Diverticular disease is a condition which occurs when pouches of tissue, commonly known as diverticula, pass through the muscular layer of the bowel.
Classically, the lowest most portion of the large bowel, namely the sigmoid colon, is most commonly affected.
In certain cases the diverticula may become obstructed by faecal matter which results in acute diverticulitis.
It is roughly estimated that 50 % of the population over the age of 50 are affected by the presence of diverticula.
What are the symptoms?
In the vast majority of cases diverticular disease is asymptomatic.
Common symptoms of the disease however manifest as abdominal distension and pain in association with diarrhoea or constipation.
Abdominal pain is predominantly dull and comes in waves and primarily affects the left lower portion of the abdomen.
Individuals may also experience significant nausea or vomiting or bleeding in their stool.
What is the cause?
The most common cause attributed to the condition is dietary.
A diet low in fibre and high in fat results in the formation of hard compact stool.
As a consequence the pressure within the bowel rises.
In addition the muscles responsible for moving stool through the digestive tract are forced to work harder and with time subsequently become weaker.
The end result is the formation of weakened areas within the bowel lining allowing for the bowel tissue to push through and form diverticula.
Additional aetiological factors include bowel dysmotility and drugs such as steroids.
How is it diagnosed?
The diagnosis of diverticular disease is primarily based on colonoscopy.
This is a procedure whereby a camera is introduced through the back passage to examine the large bowel.

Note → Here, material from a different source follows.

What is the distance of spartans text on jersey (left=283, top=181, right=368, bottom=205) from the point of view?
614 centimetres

Another diagnostic technique is via barium enema studies, a specialised x-ray utilising barium liquid introduced through the back passage.
This allows for more specialised images of the large bowel to be obtained.
In the case of acute diverticulits, a CT or ultrasound scan are the diagnostic interventions of choice.
How is it treated?
Treatment is essentially focused on the use of a high fibre diet and symptom control through the use of regular analgesia.
If in the case of acute diverticulitis, individuals often require antibiotics such as metronidazole and ciprofloxacin.
In repeated cases of diverticulitis or complications such as bowel obstruction, perforation or failure of medical therapy, surgery may be explored as an alternative intervention.
What are the complications?
The common complications of diverticular disease include infection, obstruction, bleeding and perforation.
Infection may lead to the formation of pus collections commonly known as an abscess which requires surgical drainage.
Infection may also cause bowel tissue to join together or to neighbouring surfaces to form an abnormal passageway known as a fistula which subsequently requires surgical intervention.
What is the prognosis?
Prognosis is favourable with early detection and intervention.
In the case of first episode acute diverticulitis, approximately one third of individuals have a recurrence of disease.